▸ WHAT YOU SHOULD DO:
Go through the records and transcribe them exactly, passing over any picture.

▬▬▬▬▬▬

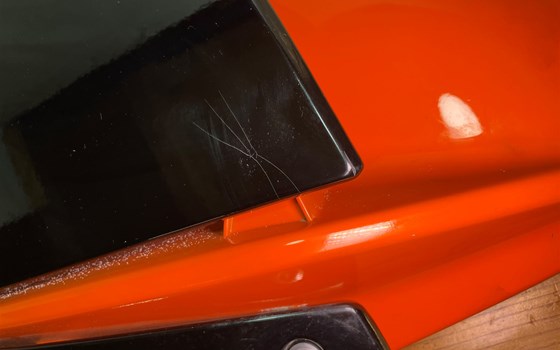 KTM RC 390 2016 Seitenverkleidung links Verkleidung vorne - Bild 5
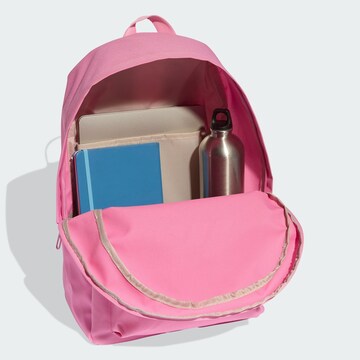 ADIDAS PERFORMANCE Sportrucksack 'Classic' in Pink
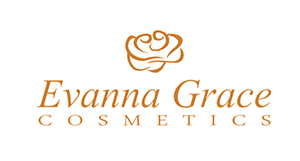 Evanna Grace Cosmetics Lipstick P121 Cherry Rose .13 Oz.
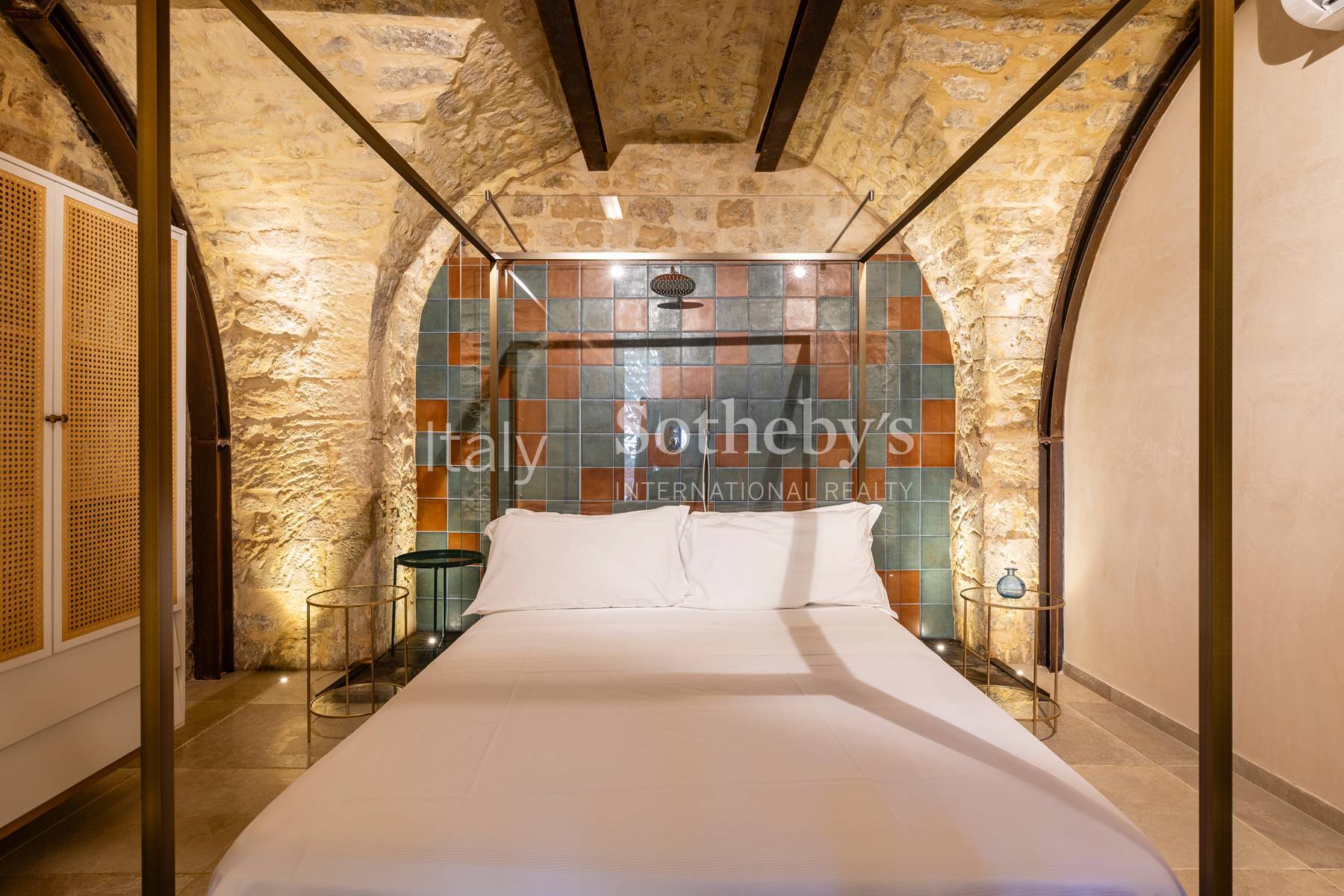  An exclusive residence in the heart of Modica with a private spa - 物件實景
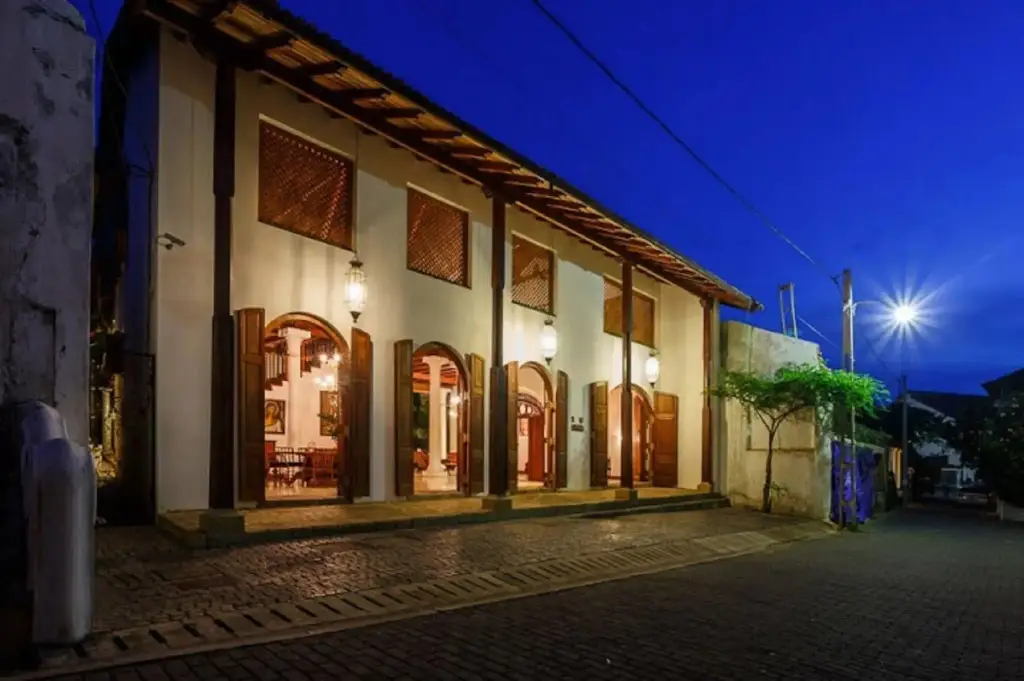 Nyne Hotels Landesi - Galle Fort — фото 1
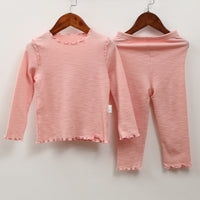 Children's Pajamas Bottoming Autumn Clothes Children's Suit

▬▬▬▬▬▬

▸ TASK RESULT:
 KTM RC 390 2016 Seitenverkleidung links Verkleidung vorne - Bild 5
 ADIDAS PERFORMANCE Sportrucksack 'Classic' in Pink
 Evanna Grace Cosmetics Lipstick P121 Cherry Rose .13 Oz.
  An exclusive residence in the heart of Modica with a private spa - 物件實景
 Nyne Hotels Landesi - Galle Fort — фото 1
 Children's Pajamas Bottoming Autumn Clothes Children's Suit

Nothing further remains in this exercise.